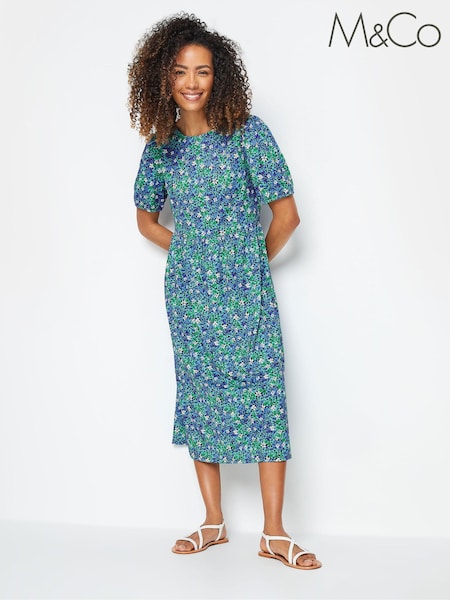 M&Co Blue Ditsy Balloon Sleeve Smock Dress (E53564) | €48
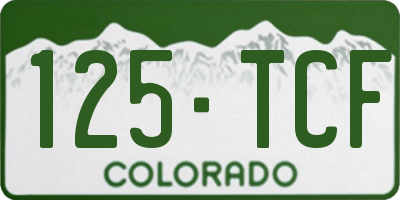 CO license plate 125TCF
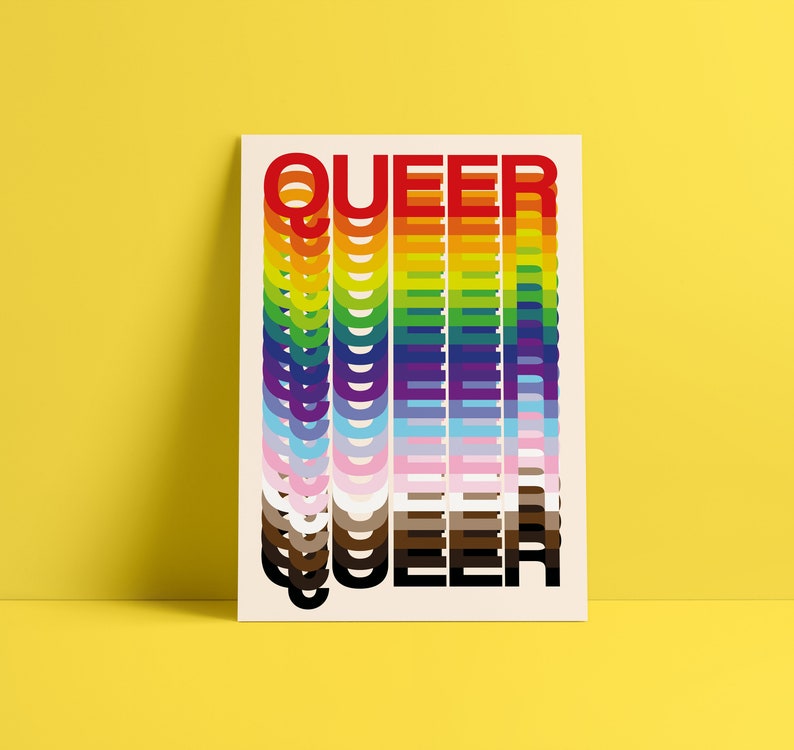 Queer Rainbow Poster LGBTQIA Art print for wall decoration. image 4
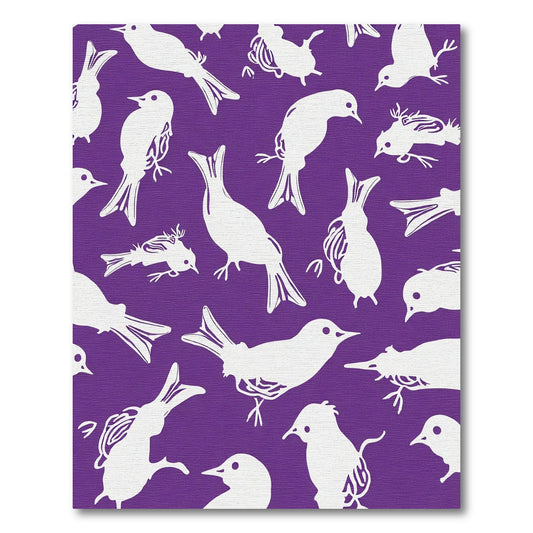 Purple White Bird Flock Composition Rug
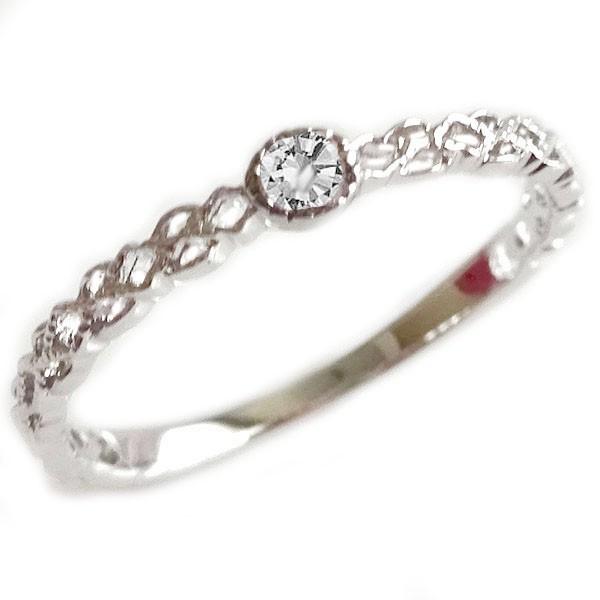 ピンキーリング ダイヤモンド ホワイトゴールド K18 レディース ダイヤ  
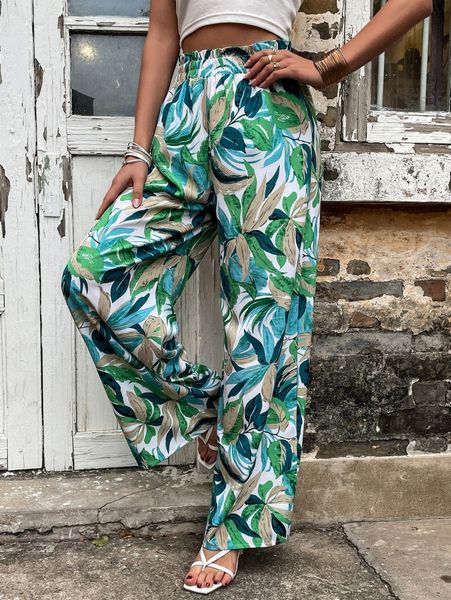 

tropical print wide leg pants t1cl#, Black;white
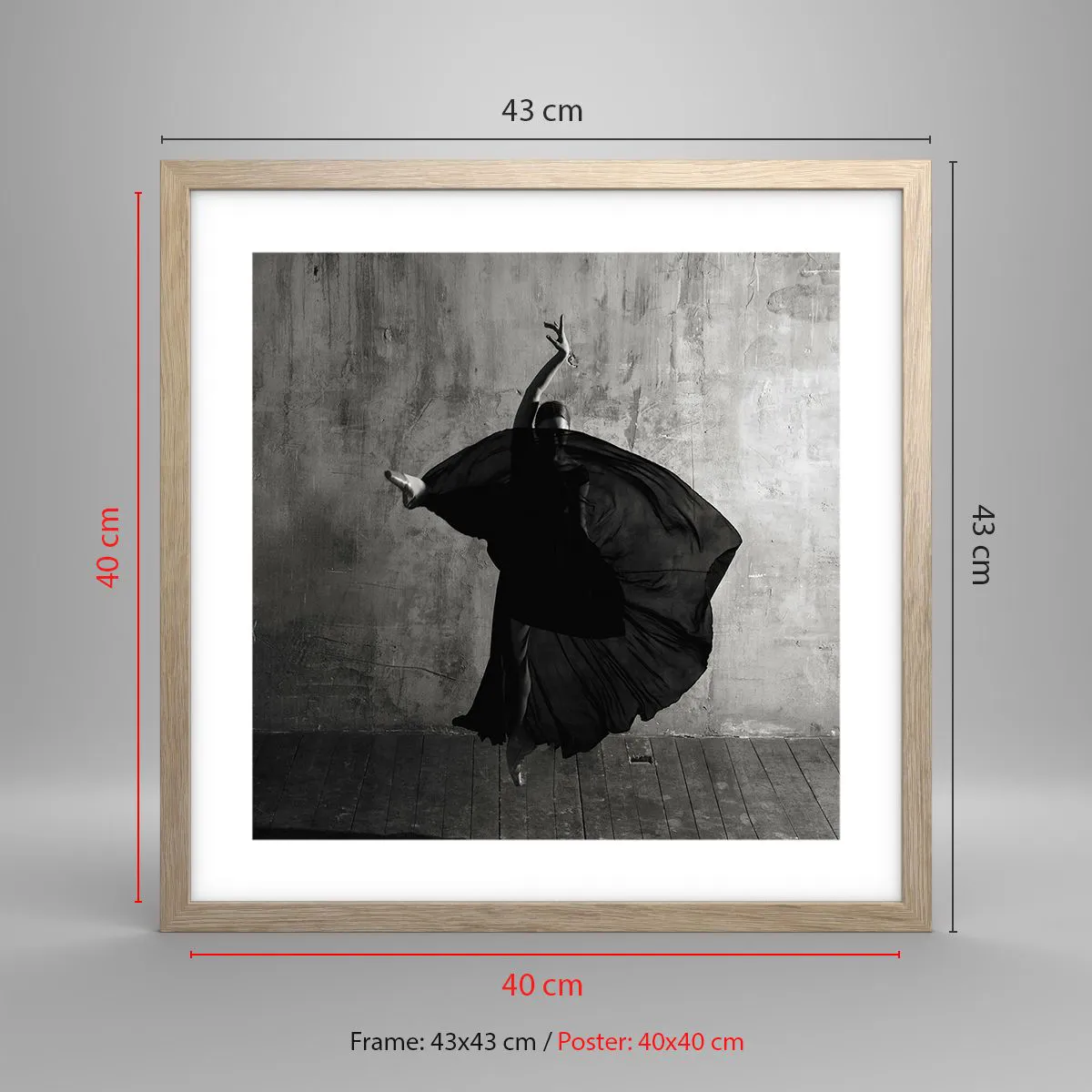 Poster in light oak frame - Full of Passion - 40x40 cm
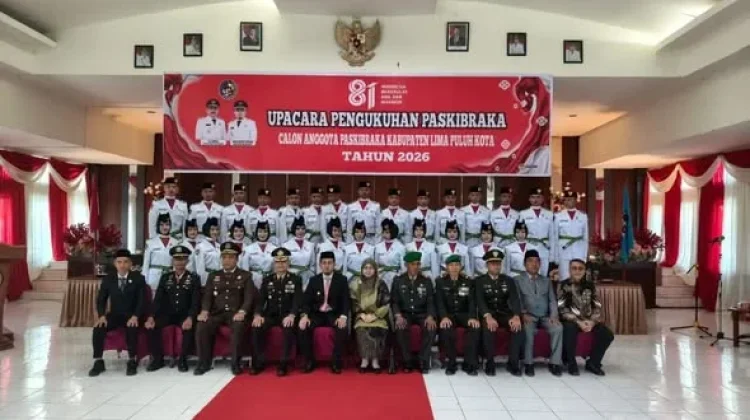 Paskibraka Lima Puluh Kota Dikukuhkan jelang HUT RI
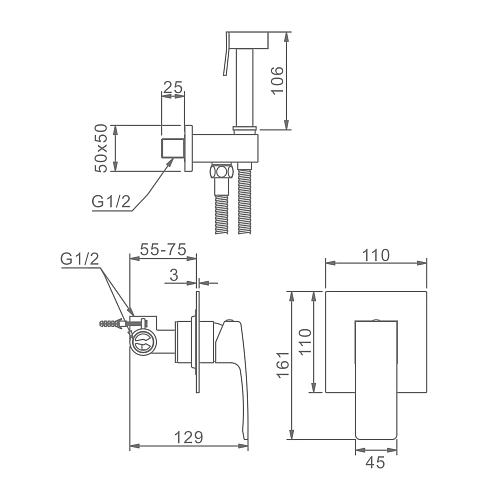 Гигиенический душ Raglo R01.53, хром Гигиенический душ Raglo R01.53, хром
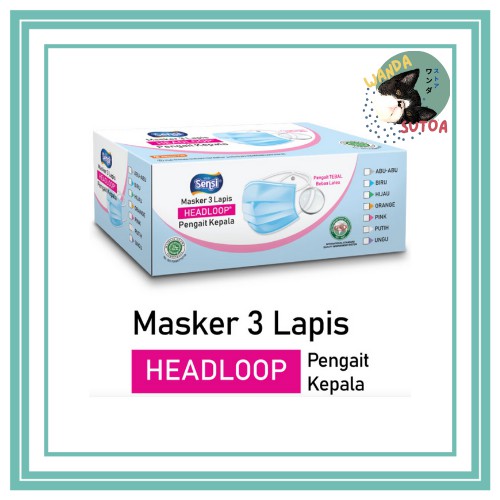 Masker Sensi 3 Lapis Headloop box - Sensi Mask Headloop 3 lapis pengait kepala isi 40 pcs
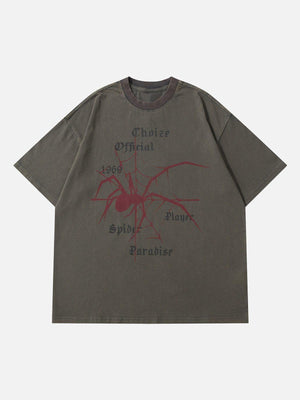 Sneakerland™ - Spider Print Washed Tee - tntwear1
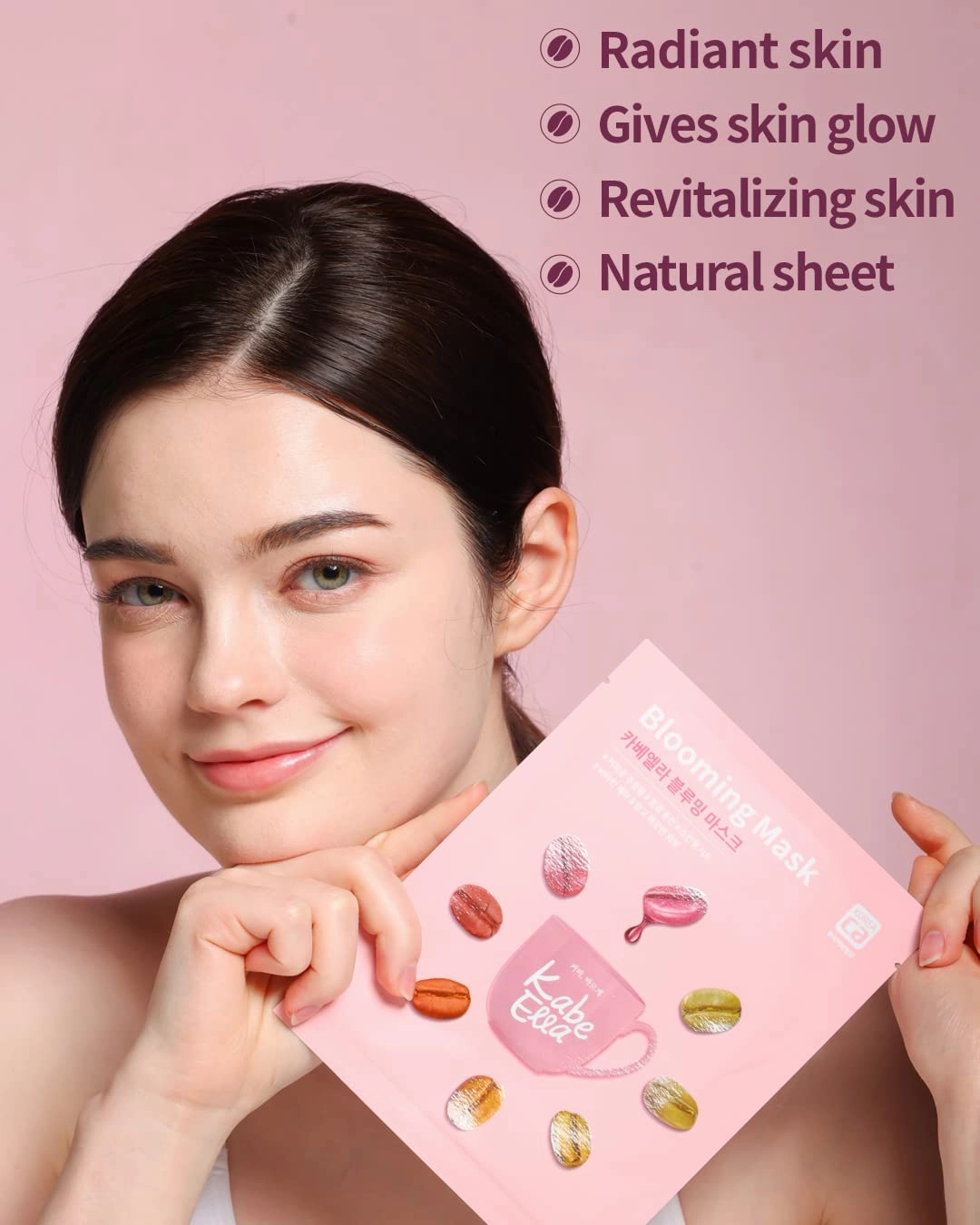KabeElla Blooming Mask, Radiance & Skin Glow Sheet Face Mask with Green Coffee Seed and Honey, Hydrating Facial Mask for Dull Skin, Eco-Friendly Cellulose Sheet, 5 Sheets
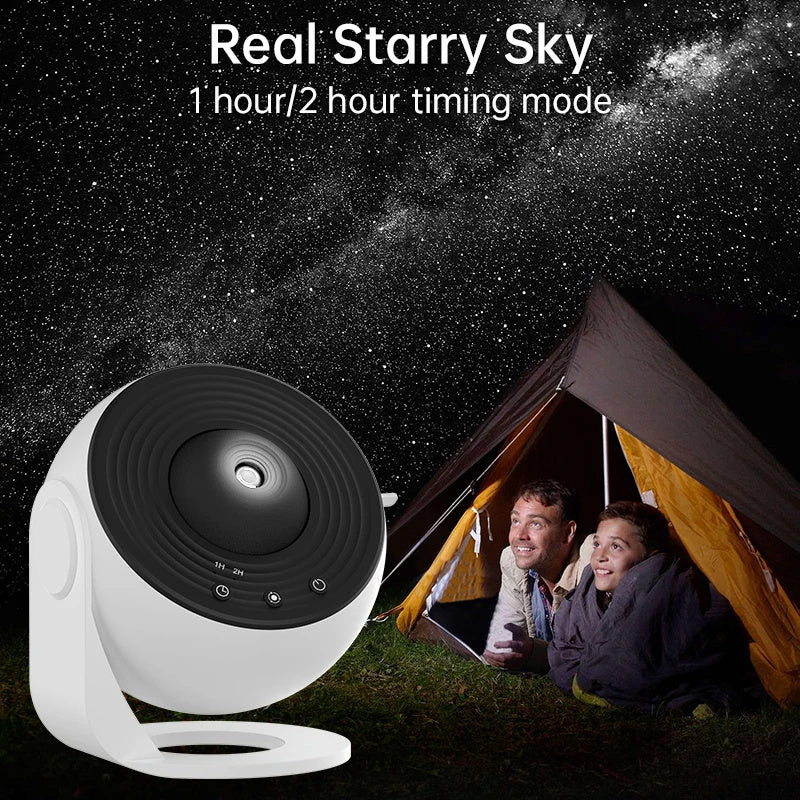 Children's Starry Sky Projector with USB, displaying colorful galaxy patterns on walls, creating a soothing bedtime ambiance.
+++
About this task - Exactly the lines from the one with "Гигиенический душ Raglo R01.53, хром Гигиенический" to the last line of the listing are wanted, both ends included and pictures excluded.

Result for this exercise -
 Гигиенический душ Raglo R01.53, хром Гигиенический душ Raglo R01.53, хром
 Masker Sensi 3 Lapis Headloop box - Sensi Mask Headloop 3 lapis pengait kepala isi 40 pcs
 Sneakerland™ - Spider Print Washed Tee - tntwear1
KabeElla Blooming Mask, Radiance & Skin Glow Sheet Face Mask with Green Coffee Seed and Honey, Hydrating Facial Mask for Dull Skin, Eco-Friendly Cellulose Sheet, 5 Sheets
 Children's Starry Sky Projector with USB, displaying colorful galaxy patterns on walls, creating a soothing bedtime ambiance.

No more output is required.